Lepas dari perbedaan pendapat dalam tafsirannya, tetapi yang jelas pengertian terbaliknya (mafhum mukhalafah) adalah bila selesai Ramadhan, maka belenggu setan pun akan dilepas lagi.

Kalau sudah begini, lagi-lagi kita harus berpikir keras, selama ini begitu banyak pengajian dan kajian digelar di bulan Ramadhan, terus sejauh mana semua itu bisa mengubah cara hidup yang kurang sejalan dengan semangat Ramadhan dan Idul Fihtri ini?

Semua perlu kita renungkan sekali lagi rasanya. Setidaknya kita perlu sadari, bahwa semua hiruk-pikuk ini malah tidak datang dari syariah agama, melainkan justru bagian dari tradisi dan gaya hidup yang terlanjur dianggap bagian dari agama.

Maka alangkah baiknya ke depan, Ramadhan yang akan kita songsong bukan lagi Ramadhan yang hanya sekedar menjalankan ritual tradisi masa lalu.

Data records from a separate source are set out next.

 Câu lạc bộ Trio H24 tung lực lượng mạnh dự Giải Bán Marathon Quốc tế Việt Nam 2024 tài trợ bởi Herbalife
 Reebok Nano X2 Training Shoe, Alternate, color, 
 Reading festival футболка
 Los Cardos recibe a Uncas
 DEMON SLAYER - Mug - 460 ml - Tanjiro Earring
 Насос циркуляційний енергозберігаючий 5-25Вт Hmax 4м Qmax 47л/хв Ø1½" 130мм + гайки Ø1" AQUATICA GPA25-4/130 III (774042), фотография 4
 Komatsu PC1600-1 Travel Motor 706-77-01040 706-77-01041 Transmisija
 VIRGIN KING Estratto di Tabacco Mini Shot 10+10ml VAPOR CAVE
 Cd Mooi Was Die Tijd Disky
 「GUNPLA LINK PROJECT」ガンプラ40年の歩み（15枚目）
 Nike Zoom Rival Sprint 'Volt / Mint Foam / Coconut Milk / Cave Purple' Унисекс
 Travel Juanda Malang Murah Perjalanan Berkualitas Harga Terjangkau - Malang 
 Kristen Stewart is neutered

Namun sebaliknya, datangnya bulan Ramadhan kita sambut dengan berbagai macam perbaikan serta amal-amal yang berpijak pada ajaran syariah Islam yang asli.

Bahkan momen Ramadhan tiap tahun seharusnya dijadikan wasilah (perantaraan) untuk bisa kembali kepada nilai-nilai original ajaran yang dahulu diajarkan oleh Rasulullah SAW.